Earlier, the acting Chairman of NERC, Dr. Anthony Akah, said the “collaboration with the Consumer Protection Council (CPC), which is statutorily empowered to deal with all issues relating to consumers of goods and services in Nigeria, is a step in the right direction.”
Akah hinted that NERC was determined to “intensify enforcement of consumer protection regulations on metering, billing and the perennial complaints of estimated customers.”
He said: “There shall be concerted efforts aimed at greatly reducing the incidence of estimated billing and eventually eliminating them completely.
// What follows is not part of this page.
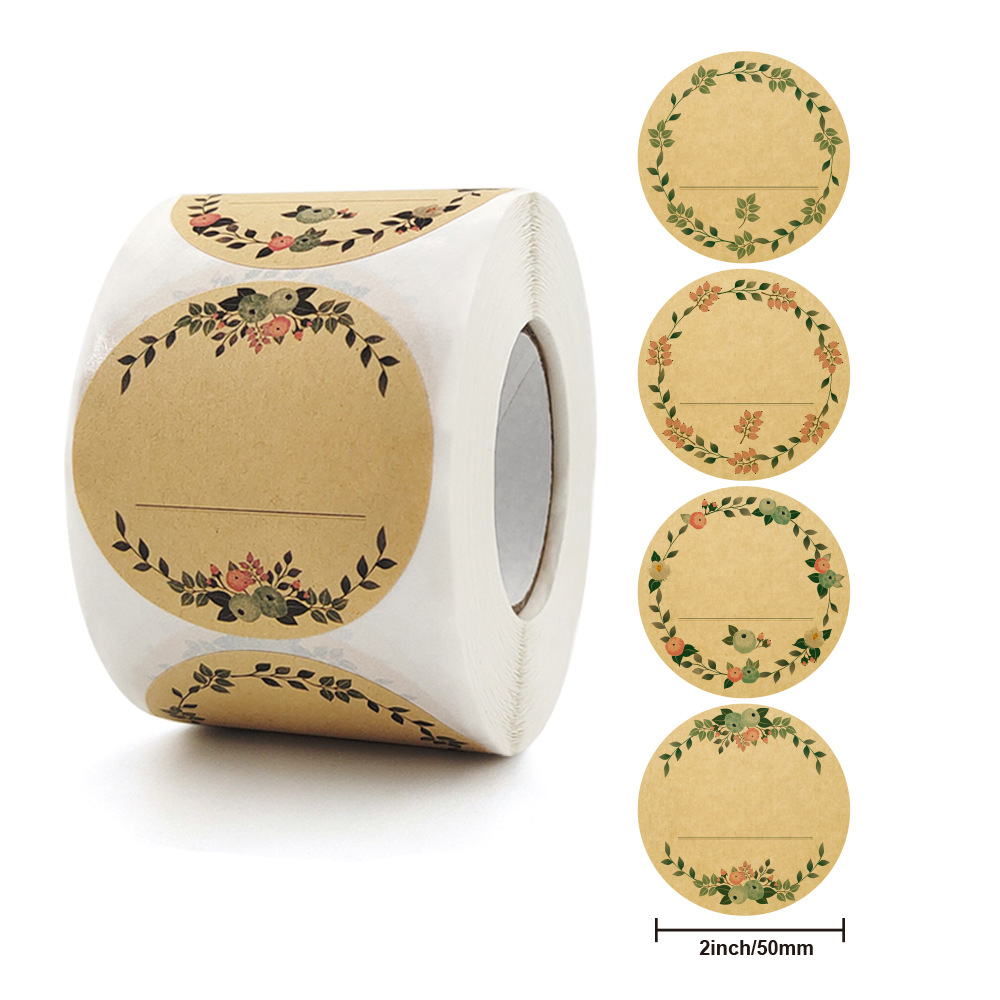 50-500Pcs 2 Inch 5cm Kraft Pap - Cardstock Paper Pack recension och pris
The increasing incident of vandalism of electricity infrastructure; stealing of electricity, hostility to operators are also issues we hope to jointly address.”
He also pointed out that his commission would ensure strict adherence to the meter roll-out plan of discos as enunciated in their performance agreements as well as reiterated NERC’s non-tolerance statement on “wrongful estimates, compelling customers to buy, install and repair transformers, poles, unsafe electrical connections and other unsafe practices and will monitor strict compliance.
“The commission is convinced that by this collaboration with the Consumer Protection Council and a robust enforcement drive by the commission, the Nigerian electricity Supply industry will operate in conducive environment for both investors and the consumers.”